A writer always faces the the same problems as anyone wanting to achieve a nice quick dash to the fine rewards to be reaped if you were strong enough to collect them… on the far bank of a 300 yard wide tidal river. Oh and for most of us, that’s with 50 ponds of lead weightbelt around your waist, which kind of precludes simply swimming.
Still, if you choose your time and place, the tide is out, the strip water is narrow, and not over neck deep and not moving too fast… You can do it.
The truth though is that is only a dash if you have a boat, a full slack tide, and someone else to carry the weightbelt and start the outboard, or at least help paddle. Otherwise, well…
In theory, that was what publishers did. They owned the handful of boats, and their steersmen knew the shoals you had to pass. For a mere 40% or so of the rewards (the other 50% going to shoals as fresh mud) If you were one of their darlings they gave you a steersman, an outboard, and plenty of fuel. If you were just one of the hoi polloi that none-the-less got one of the boats – possibly with paddles, or at the bottom end, at least a leaky canoe. If you could bale with your cupped hands and paddle with them, you had some chance. You’d be tired on the far side, but alive, and able to gather a few rewards before having to do it all again. The darlings would look at their nice fat pile of rewards carried down to boat by the servitors, and sneer a bit at your in adequacy and preen a bit about how great they were.
If you didn’t have a publisher, you had, at best, a chance to wade through the thigh-deep glutinous mud, and most likely the tide would catch you before you got across. Every now and again some strong soul would time it right and manage it.
Only there have been some severe floods upstream, and the resultant washout has moved the mud. It’s only knee-deep mud now. And, in the flood, huge amounts of debris came down, submerged logs are still floating in the full tide, the boats all got damaged, and most of the fuel got lost or got water in it. And most of the boatmen don’t know where the mud-banks are, many got fired because the business isn’t strong, and some nicked the paddles (their editing, proof reading and cover skills) when they left.

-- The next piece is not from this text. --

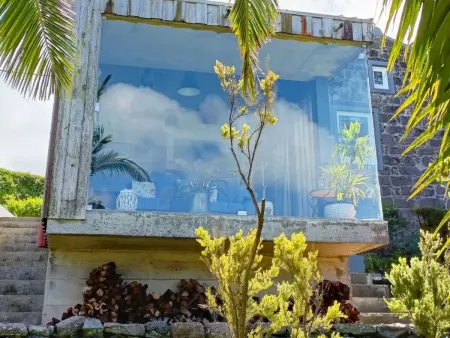 Casa da Talha, Rustikaler Charme auf den Azoren, Maison 3 personnes à Algarvia - Photo 2
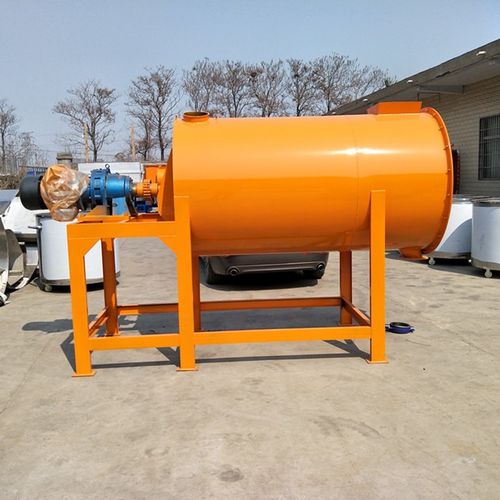 干粉砂浆卧式搅拌机 可加热拌合机 腻子粉干粉搅拌机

The flood, of course, is the shift to e-books, and debris is the remains of the brick-and-mortar book trade and the new online retail environment. A few years ago those were nice clearly deliminated mub-banks, dominated by Barnes and Noble shoal and Borders shoal, with a handful of other minor players that those two hadn’t devoured. As the boat-men and boat-owners prefered to have to steer past those two shoals, rather than steer through hundreds of lesser ones, they’d happily added extra mud to them. That was 70% of what you had to get through… and the mud was impenetrable unless you had a boat to sail over the top. Your chances as a writer of wading through the independents to the other side was slim. In fact if your leaky canoes struck against one of those two banks, you were probably going to drown. I know this because Barnes and Noble refused to take one of Eric and moi’s early books in hardcover, and then again DRAGON’S RING.
It was pretty hard paddling and dragging ourselves through the gluey mud that got us to the far bank at all, and the rewards -despite good sales outside that venue – were decidely smaller.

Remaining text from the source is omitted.